What to do: Every entry is to be restated exactly; pictures are not part of the copy.

Dataset content:

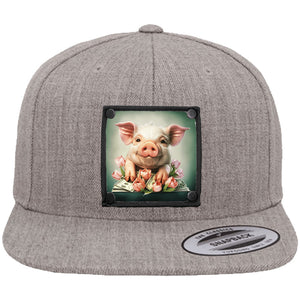 Capitalist Pig Hat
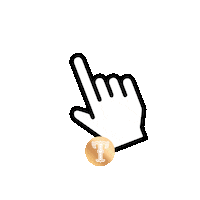 Click Sticker by TrenzaMX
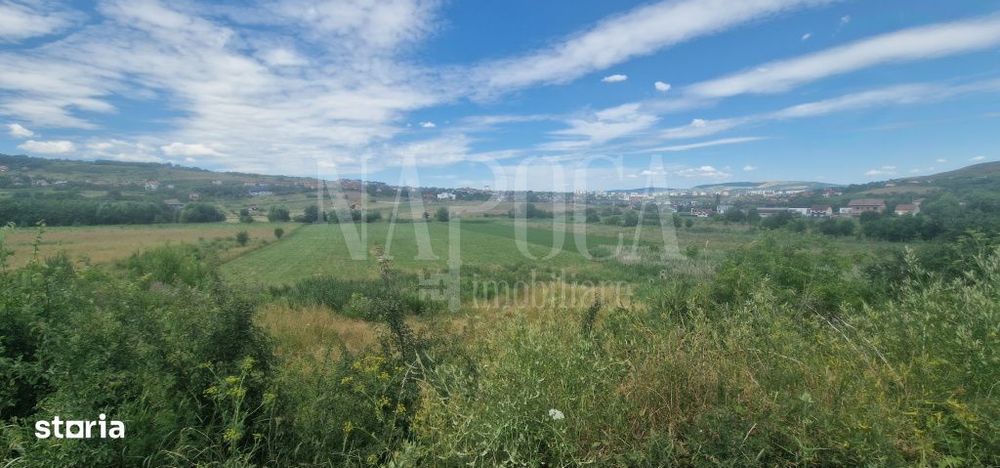 Teren intravilan constructii de vanzare in Borhanci, Cluj Napoca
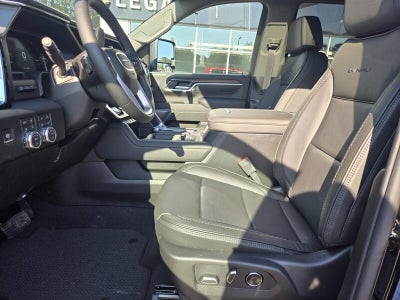 2026 GMC Sierra 3500 HD Denali DRW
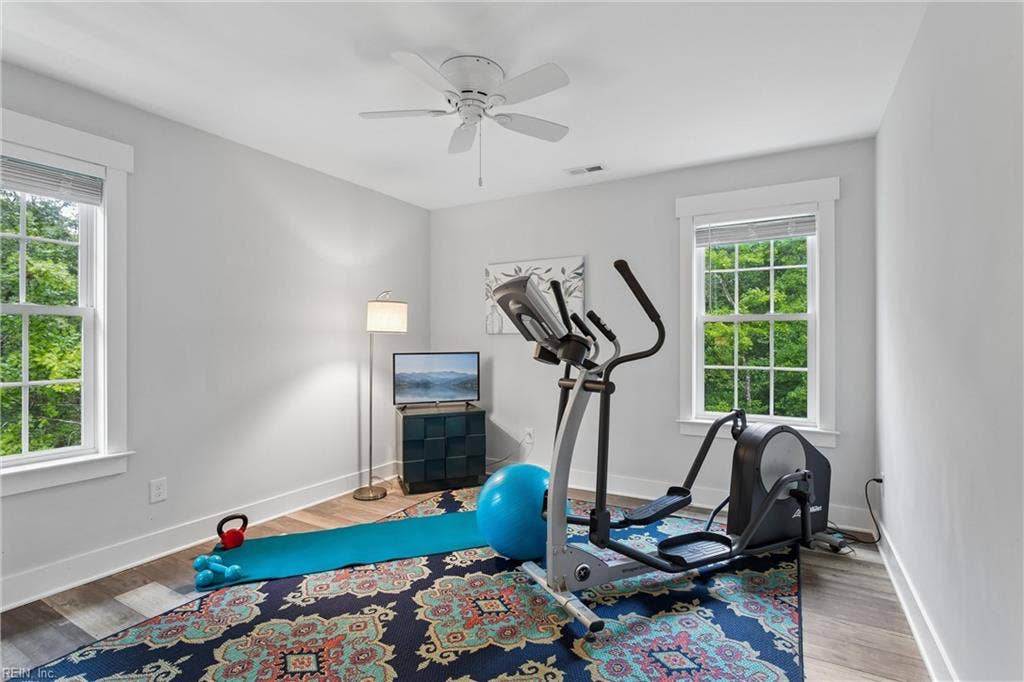 9927 E Cork Road, Toano, VA 23168 9927 E Cork Road, Toano, VA 23168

Finished exercise:
 Capitalist Pig Hat
 Click Sticker by TrenzaMX
 Teren intravilan constructii de vanzare in Borhanci, Cluj Napoca
 2026 GMC Sierra 3500 HD Denali DRW
 9927 E Cork Road, Toano, VA 23168 9927 E Cork Road, Toano, VA 23168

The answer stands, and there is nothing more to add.